- **Exercise requirements**
For this exercise, transcribe all of the entries exactly.

- **Task material**
- Opening Delimiter -

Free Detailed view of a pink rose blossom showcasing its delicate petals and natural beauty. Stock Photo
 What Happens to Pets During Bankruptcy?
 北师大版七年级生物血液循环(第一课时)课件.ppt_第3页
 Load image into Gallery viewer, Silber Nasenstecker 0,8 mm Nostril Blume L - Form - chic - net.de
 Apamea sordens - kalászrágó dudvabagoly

- Closing Delimiter -

- **Problem solution**
Free Detailed view of a pink rose blossom showcasing its delicate petals and natural beauty. Stock Photo
 What Happens to Pets During Bankruptcy?
 北师大版七年级生物血液循环(第一课时)课件.ppt_第3页
 Load image into Gallery viewer, Silber Nasenstecker 0,8 mm Nostril Blume L - Form - chic - net.de
 Apamea sordens - kalászrágó dudvabagoly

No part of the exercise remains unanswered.